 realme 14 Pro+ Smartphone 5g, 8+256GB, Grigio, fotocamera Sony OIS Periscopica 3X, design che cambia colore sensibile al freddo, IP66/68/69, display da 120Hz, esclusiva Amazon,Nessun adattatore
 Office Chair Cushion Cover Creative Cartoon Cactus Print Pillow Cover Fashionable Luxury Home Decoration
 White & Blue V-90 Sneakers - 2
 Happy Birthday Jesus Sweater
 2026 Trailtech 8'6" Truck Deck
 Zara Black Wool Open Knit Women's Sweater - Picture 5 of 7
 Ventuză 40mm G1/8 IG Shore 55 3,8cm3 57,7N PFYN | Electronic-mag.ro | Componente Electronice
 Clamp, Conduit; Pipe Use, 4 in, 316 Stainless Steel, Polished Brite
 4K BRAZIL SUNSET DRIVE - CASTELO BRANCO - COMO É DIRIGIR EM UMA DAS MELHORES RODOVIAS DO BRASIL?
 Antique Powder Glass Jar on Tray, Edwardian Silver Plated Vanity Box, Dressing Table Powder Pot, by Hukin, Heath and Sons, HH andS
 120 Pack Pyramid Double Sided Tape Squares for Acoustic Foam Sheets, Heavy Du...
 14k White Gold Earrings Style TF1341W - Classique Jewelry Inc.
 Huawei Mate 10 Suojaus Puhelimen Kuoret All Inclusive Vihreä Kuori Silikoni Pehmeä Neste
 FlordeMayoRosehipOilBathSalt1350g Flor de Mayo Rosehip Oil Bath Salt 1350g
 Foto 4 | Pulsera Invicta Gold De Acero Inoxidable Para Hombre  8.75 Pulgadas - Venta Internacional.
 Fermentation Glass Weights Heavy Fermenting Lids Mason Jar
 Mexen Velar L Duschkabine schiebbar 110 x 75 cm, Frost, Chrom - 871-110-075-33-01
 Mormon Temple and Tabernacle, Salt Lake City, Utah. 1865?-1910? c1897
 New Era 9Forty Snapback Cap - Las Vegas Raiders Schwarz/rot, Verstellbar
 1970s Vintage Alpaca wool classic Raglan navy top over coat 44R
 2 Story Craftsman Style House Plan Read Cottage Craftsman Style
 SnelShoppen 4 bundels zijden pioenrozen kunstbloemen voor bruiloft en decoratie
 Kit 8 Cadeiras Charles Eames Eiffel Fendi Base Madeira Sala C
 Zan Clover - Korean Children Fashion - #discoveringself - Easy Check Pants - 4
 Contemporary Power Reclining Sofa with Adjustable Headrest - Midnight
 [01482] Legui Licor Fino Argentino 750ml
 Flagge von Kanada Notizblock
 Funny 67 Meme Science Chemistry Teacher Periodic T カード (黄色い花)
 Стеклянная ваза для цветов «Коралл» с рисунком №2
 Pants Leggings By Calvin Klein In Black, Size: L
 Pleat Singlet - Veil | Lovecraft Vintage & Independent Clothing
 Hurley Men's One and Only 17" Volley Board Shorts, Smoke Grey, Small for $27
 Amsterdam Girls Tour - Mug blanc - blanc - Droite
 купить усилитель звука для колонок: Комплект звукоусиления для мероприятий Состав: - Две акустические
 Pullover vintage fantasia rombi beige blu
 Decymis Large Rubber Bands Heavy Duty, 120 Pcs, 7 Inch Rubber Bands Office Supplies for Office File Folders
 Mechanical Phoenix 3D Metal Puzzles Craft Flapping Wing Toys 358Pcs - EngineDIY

Problem:
The line containing "Flagge von Kanada Notizblock" and all lines after it, through the last line of the data, should be retyped exactly.

Response to this task:
 Flagge von Kanada Notizblock
 Funny 67 Meme Science Chemistry Teacher Periodic T カード (黄色い花)
 Стеклянная ваза для цветов «Коралл» с рисунком №2
 Pants Leggings By Calvin Klein In Black, Size: L
 Pleat Singlet - Veil | Lovecraft Vintage & Independent Clothing
 Hurley Men's One and Only 17" Volley Board Shorts, Smoke Grey, Small for $27
 Amsterdam Girls Tour - Mug blanc - blanc - Droite
 купить усилитель звука для колонок: Комплект звукоусиления для мероприятий Состав: - Две акустические
 Pullover vintage fantasia rombi beige blu
 Decymis Large Rubber Bands Heavy Duty, 120 Pcs, 7 Inch Rubber Bands Office Supplies for Office File Folders
 Mechanical Phoenix 3D Metal Puzzles Craft Flapping Wing Toys 358Pcs - EngineDIY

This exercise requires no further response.